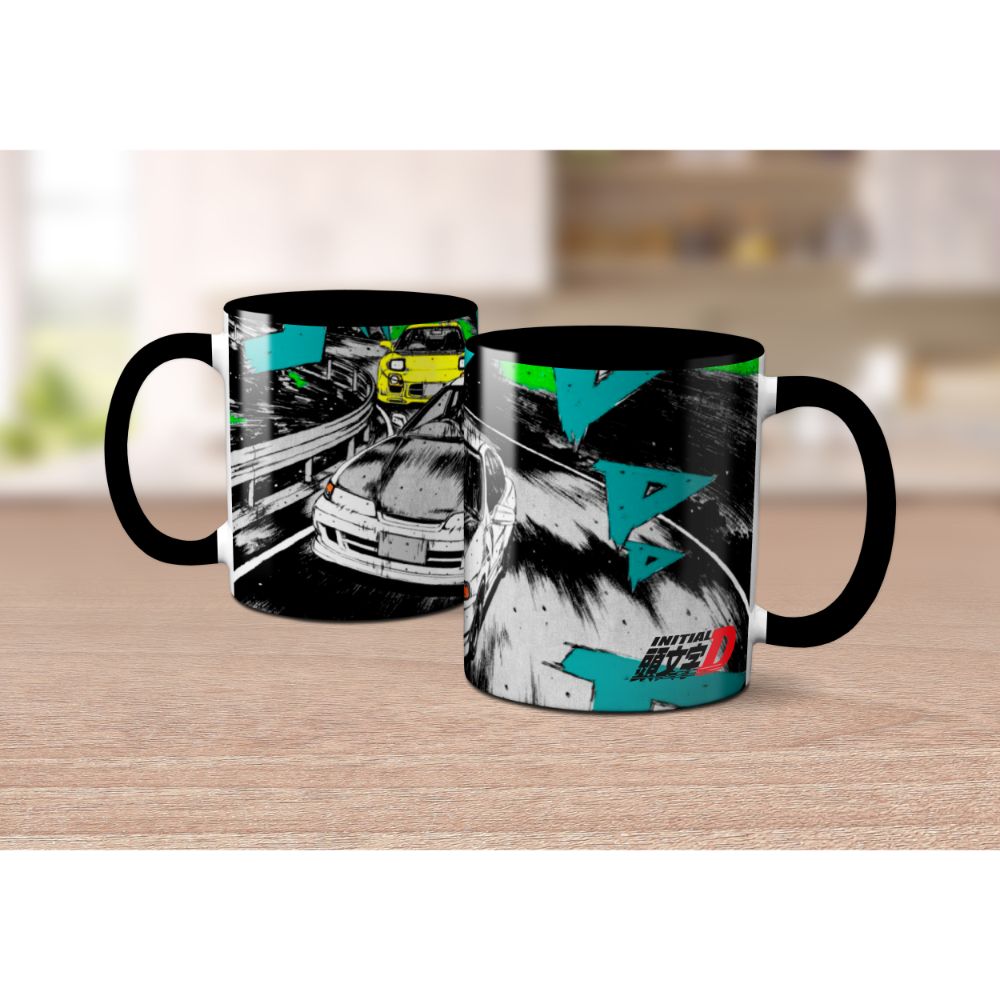 Taza Gojo Satoru Jujutsu Kaisen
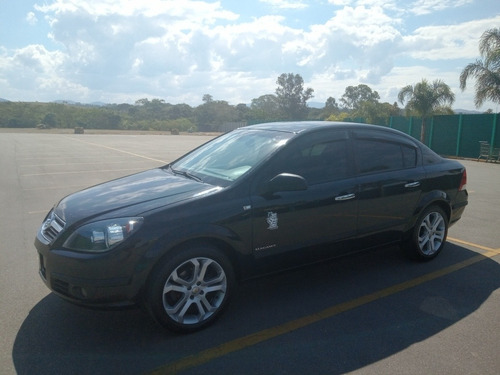 Chevrolet Vectra 2006 2.0 Elegance Flex Power 4p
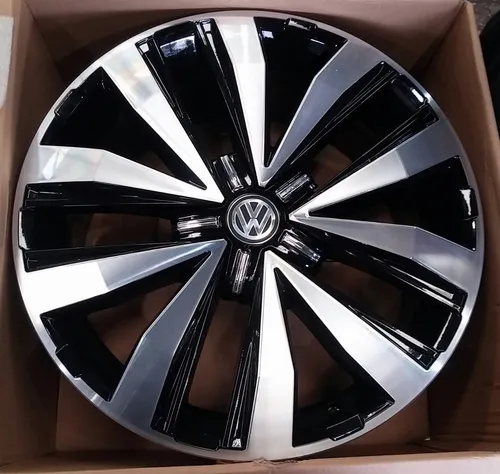 comprar Llantas 18 Vw Amarok V6 Aleación Línea Original 5x120 Brasil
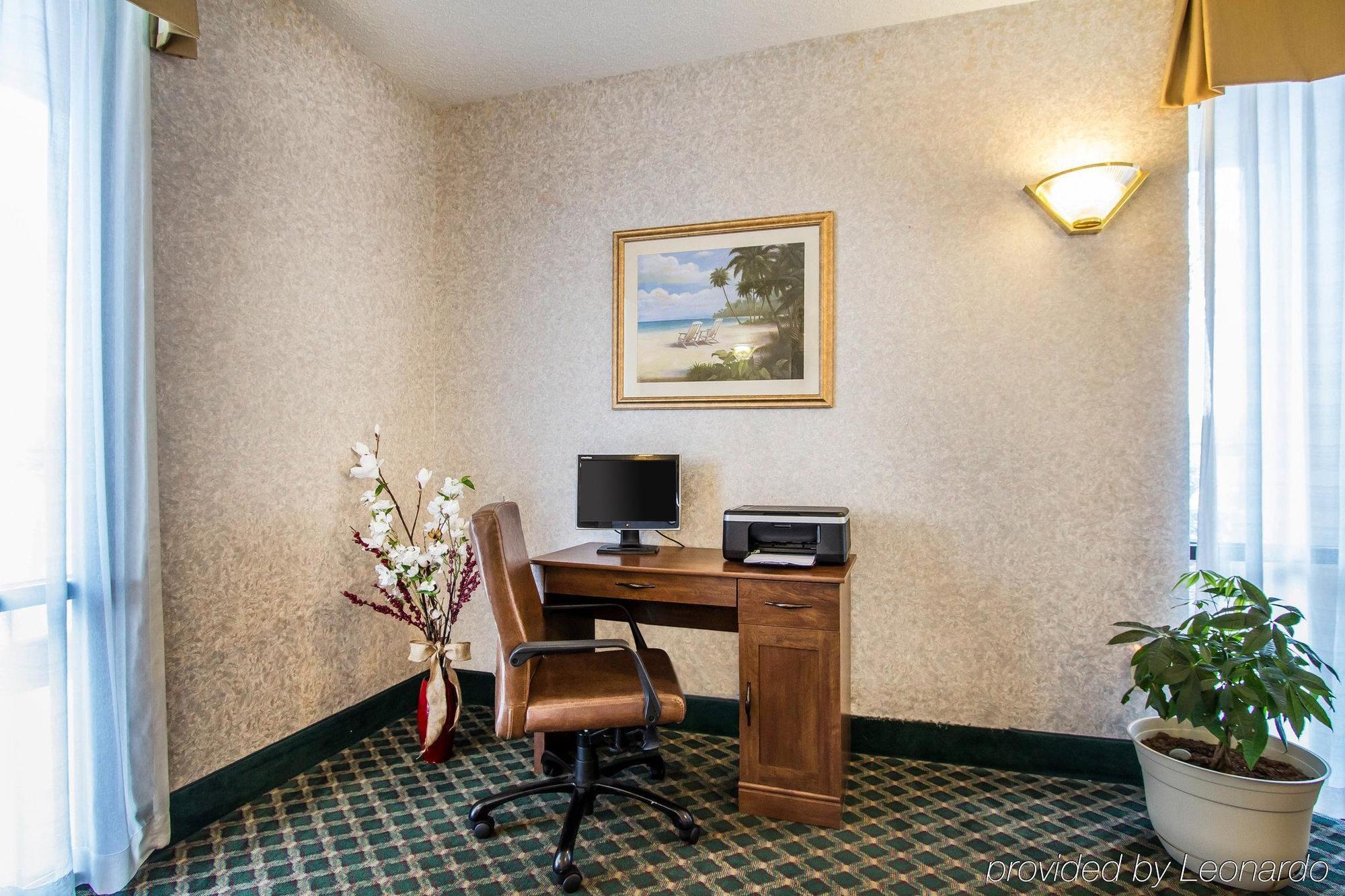 Quality Inn Foley Exterior foto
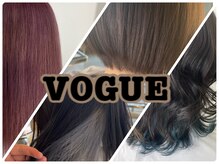 ヘアーメイクアンドネイル ヴォーグ(Hair Make＆Nail VOGUE)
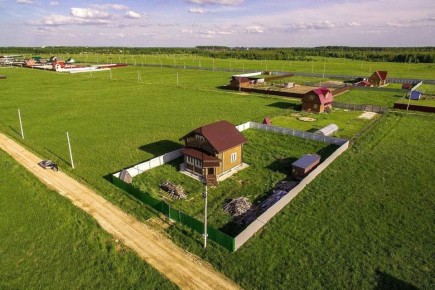 Как защитить свою землю: важные советы для владельцев участков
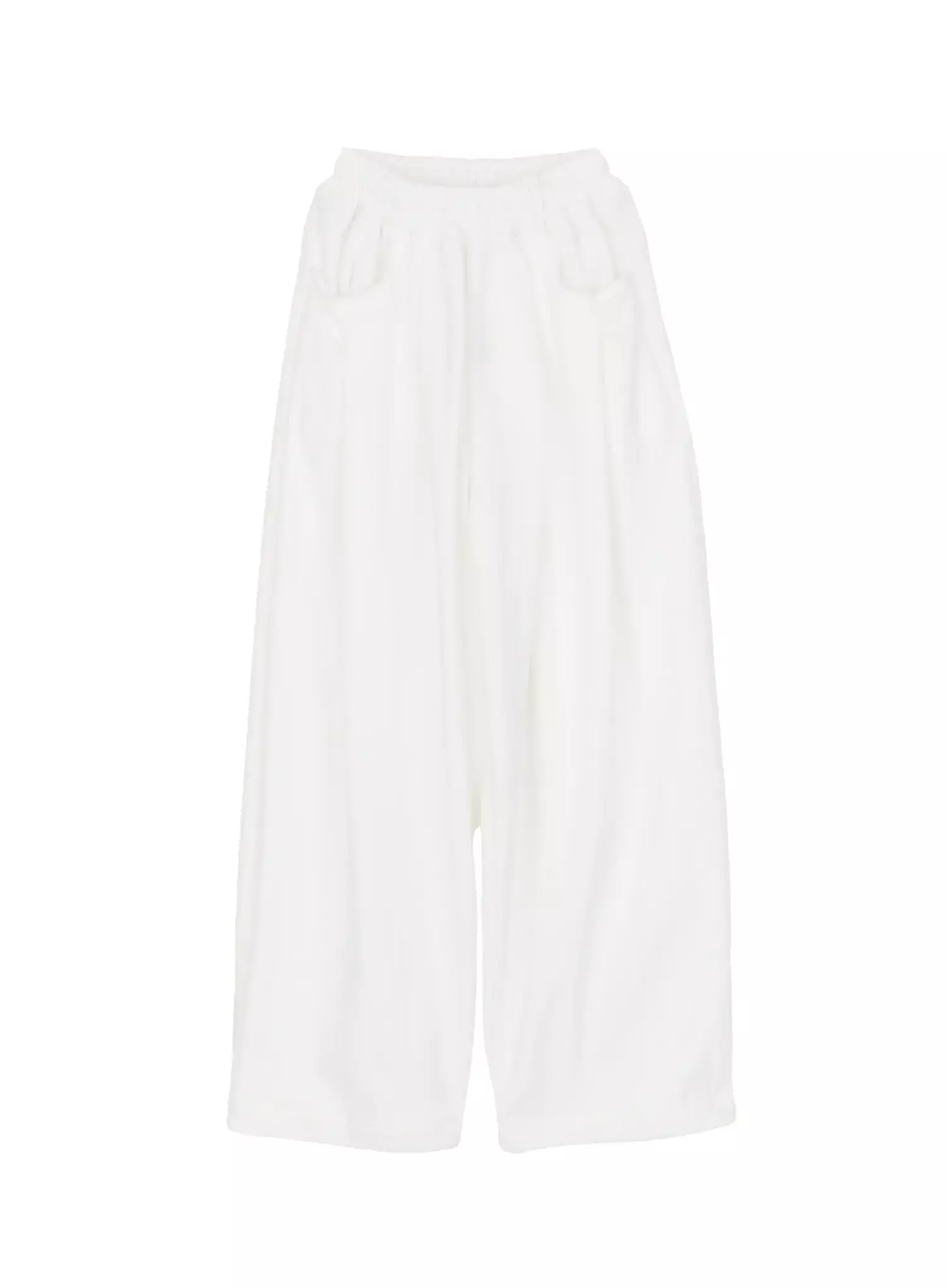 Relaxed-Fit Sweatpants IM519 - Image 17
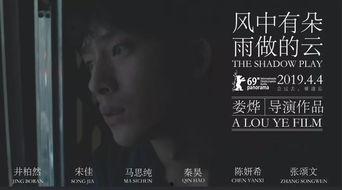 风中有朵雨做的云电影,揭秘风中有朵雨做的云的悬疑爱情传奇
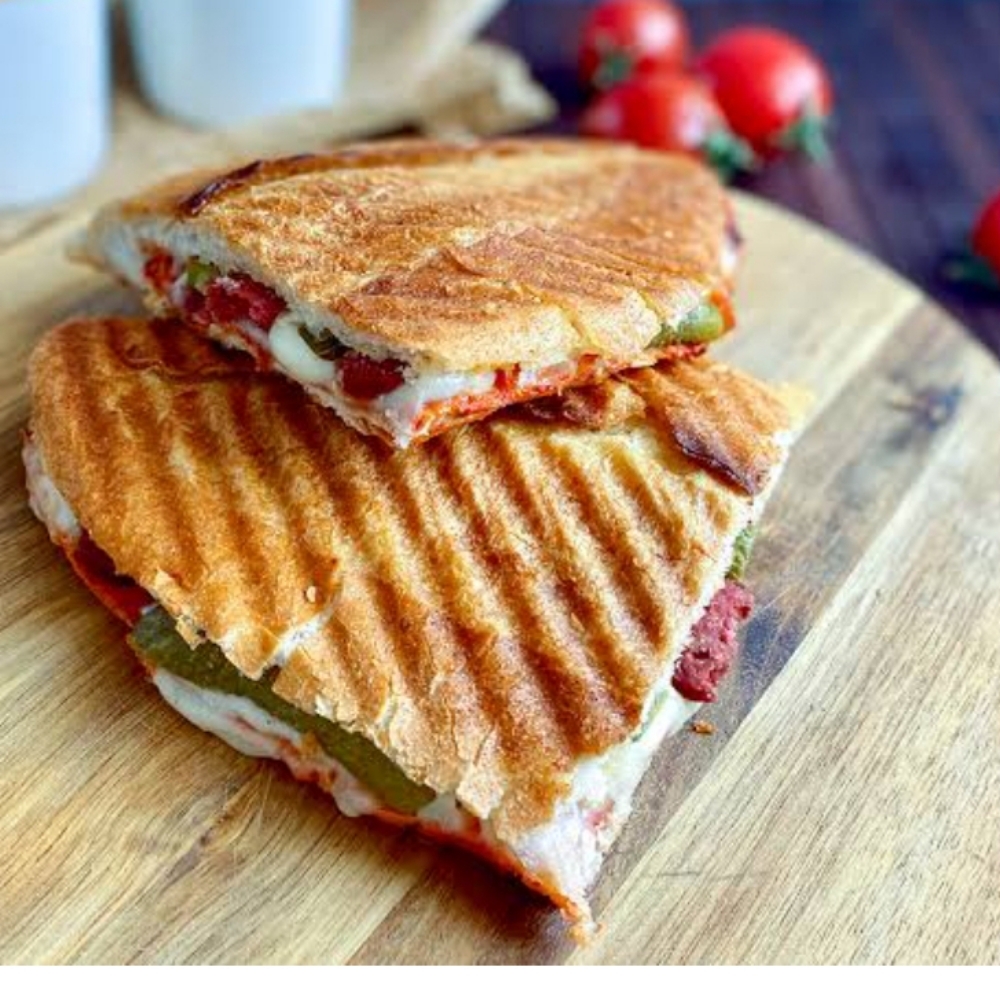Karışık Tost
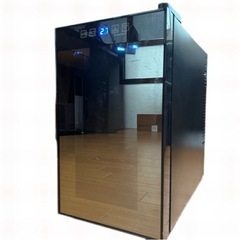 ワインセラー🍷　8本収納可！　　　　の画像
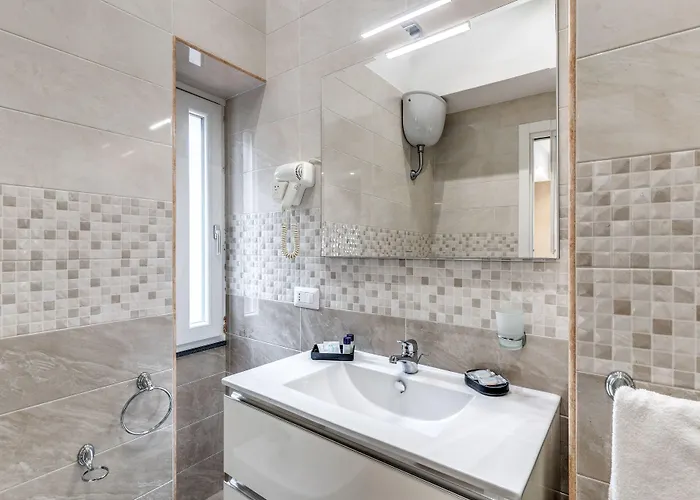 Raggio Di Sole - Atarooms Collection Pensionat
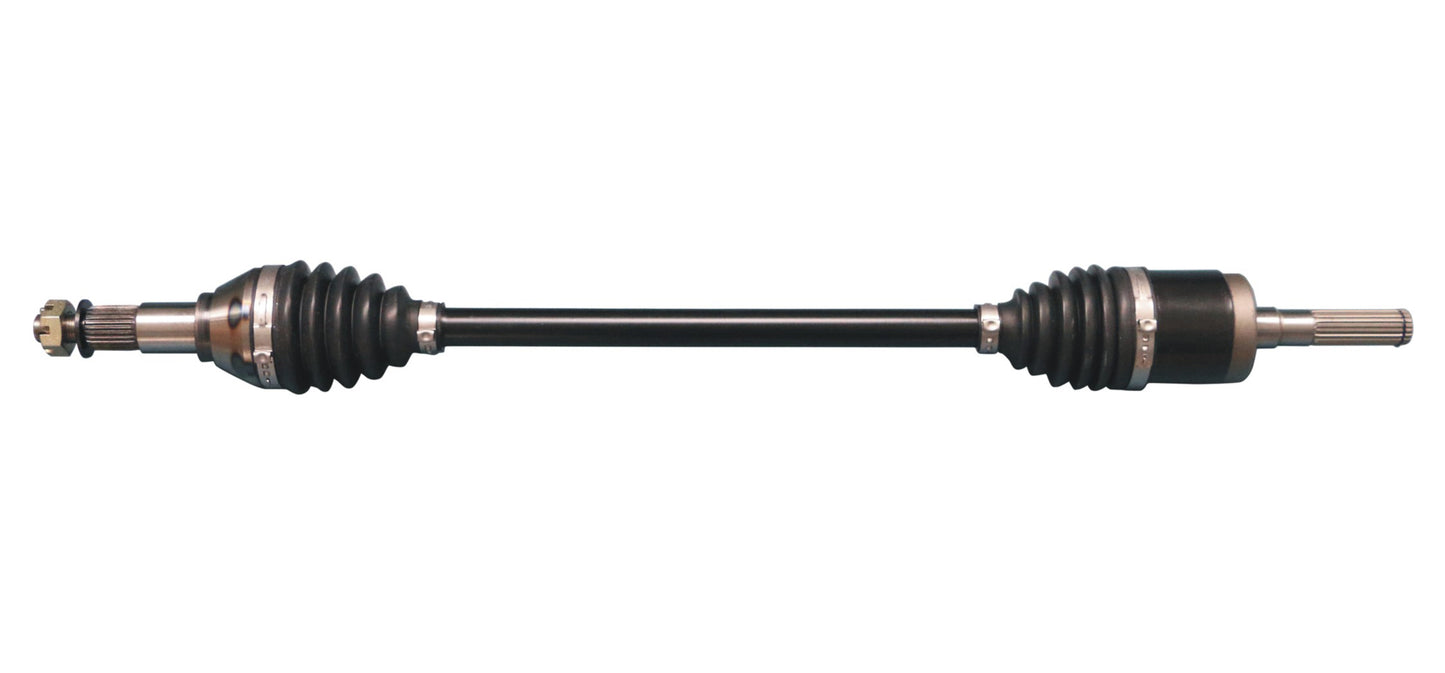 Hd 2.0 Axle Front Right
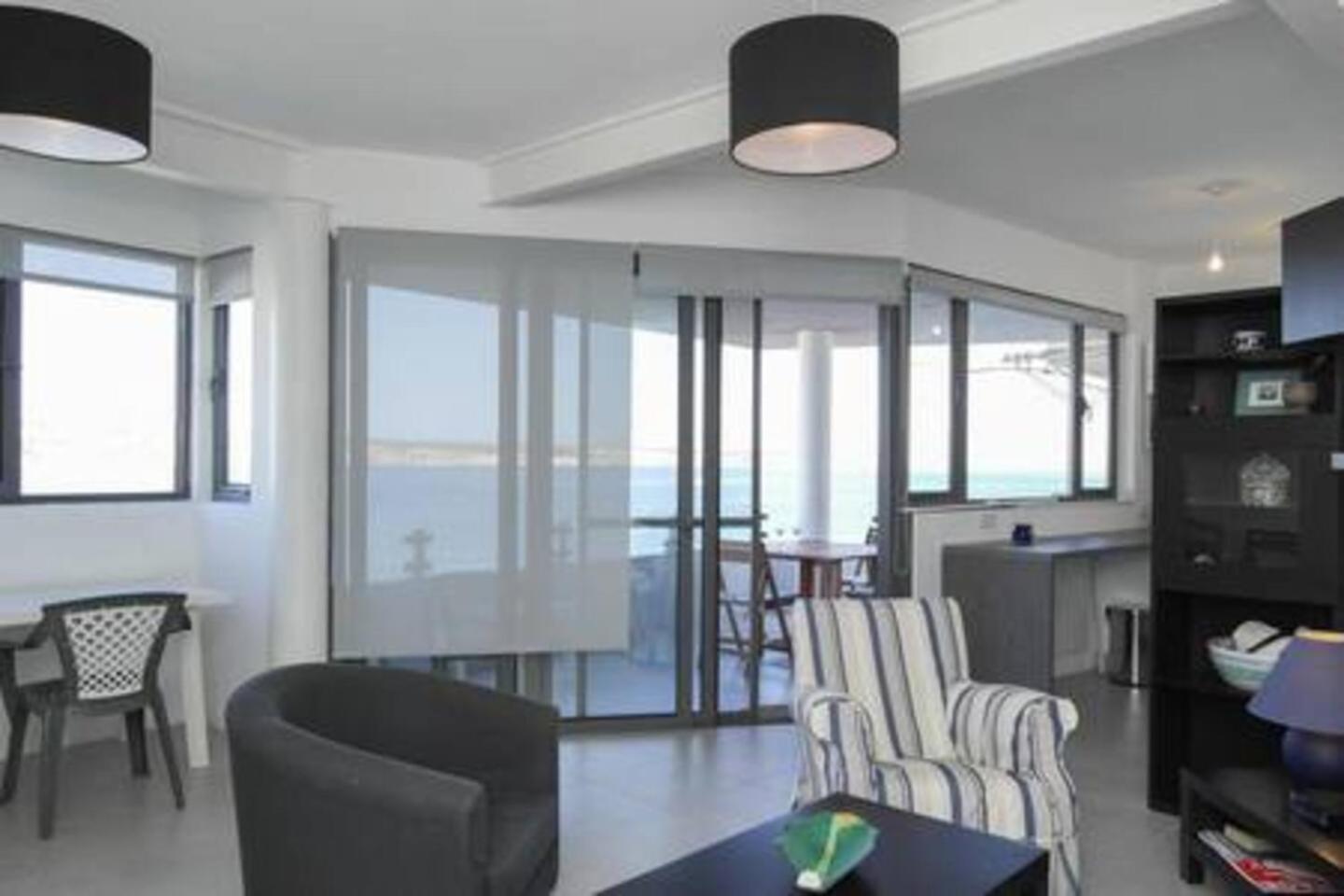 Mel 2 2Bed Seaview In Ghadira By Homely Mellieħa Exteriér fotografie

EXERCISE DIRECTIONS -> Give back exactly the lines running from the one that contains "Raggio Di Sole" to the end of the records, including both of those lines and excluding every picture.

ANSWER SPACE ->
 Raggio Di Sole - Atarooms Collection Pensionat
 Hd 2.0 Axle Front Right
 Mel 2 2Bed Seaview In Ghadira By Homely Mellieħa Exteriér fotografie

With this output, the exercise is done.